2    pounds new potatoes, halved
1/2 cup Honeyed Lemon-Dijon Vinaigrette, divided (see recipe below)
Cooking spray
3    cups loosely packed baby arugula
1/4 cup thinly vertically sliced red onion
1/4 teaspoon salt
1/4 teaspoon freshly ground black pepper

Prepare grill to medium-high heat.  Place potatoes in a medium saucepan; cover with water. Bring to a boil. Reduce heat; simmer 10 minutes or until the potatoes are almost tender. Drain and rinse under cold water; drain well. Place the potatoes in a bowl. Drizzle with 2 tablespoons of Honeyed Lemon-Dijon Vinaigrette; toss gently to coat.  Place potatoes, cut sides down, on grill rack coated with cooking spray; grill 3 minutes on each side or until potatoes are very tender.  Combine potatoes, arugula, and remaining ingredients in a large bowl. Drizzle with remaining 6 tablespoons Honeyed Lemon-Dijon Vinaigrette, and toss gently to coat.
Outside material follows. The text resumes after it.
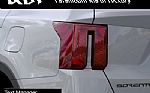 2026 Sorento Thumbnail 11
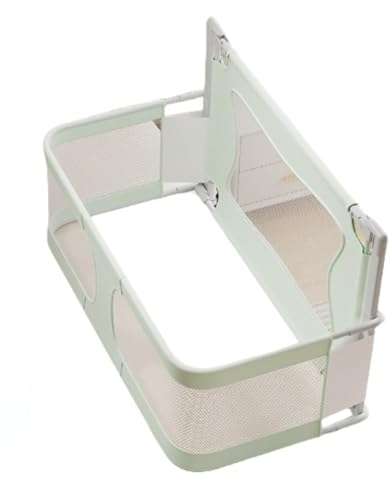 SIzlaho ^AψAxr[xbhAVtFXیA܂肽ݎшړ\AAyʁAȒPȑgݗāA^тȒPAO\A􂦂A̒ (xr[A`NbVtFXxbh - Ao[O[ (CD-3))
Yield 8 servings (serving size: 3/4 cup)

Honeyed Lemon-Dijon Vinaigrette

1/4 cup chopped fresh dill
1/4 cup white wine vinegar
2 tablespoons chopped red onion
2 tablespoons capers
1 tablespoon grated lemon rind
2 tablespoons fresh lemon juice
1 teaspoon salt
4 teaspoons honey
2 teaspoons Dijon mustard
3/4 teaspoon freshly ground black pepper
1/2 teaspoon hot pepper sauce
2 garlic cloves, minced
1/3 cup boiling water
1/4 cup extra virgin olive oil

Combine first 12 ingredients in a blender; process until mixture is smooth. Add water and olive oil; process until well combined.

Note: Refrigerate vinaigrette in an airtight container for up to five days, and stir well before using.